## EXERCISE DIRECTIONS:
Report the tally of lines featuring the word "Trendy" in the entries below, without anything else.

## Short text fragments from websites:
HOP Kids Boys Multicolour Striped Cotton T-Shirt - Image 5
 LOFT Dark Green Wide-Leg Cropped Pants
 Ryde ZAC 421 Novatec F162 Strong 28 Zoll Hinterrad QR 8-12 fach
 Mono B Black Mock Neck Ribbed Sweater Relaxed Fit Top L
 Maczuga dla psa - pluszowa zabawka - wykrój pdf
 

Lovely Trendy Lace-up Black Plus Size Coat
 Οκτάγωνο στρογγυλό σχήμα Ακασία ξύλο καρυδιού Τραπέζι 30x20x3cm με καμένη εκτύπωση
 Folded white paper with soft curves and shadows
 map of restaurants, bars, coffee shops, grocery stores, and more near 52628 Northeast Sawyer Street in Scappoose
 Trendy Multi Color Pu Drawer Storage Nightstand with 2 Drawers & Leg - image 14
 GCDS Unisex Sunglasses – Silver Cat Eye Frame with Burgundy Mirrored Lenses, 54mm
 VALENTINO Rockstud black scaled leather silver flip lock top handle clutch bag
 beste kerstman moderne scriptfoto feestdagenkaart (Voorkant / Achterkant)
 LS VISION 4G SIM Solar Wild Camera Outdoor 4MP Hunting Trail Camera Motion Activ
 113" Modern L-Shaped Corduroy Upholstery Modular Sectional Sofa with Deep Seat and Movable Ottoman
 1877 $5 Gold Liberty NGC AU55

## ANSWER FOR THE TASK:
2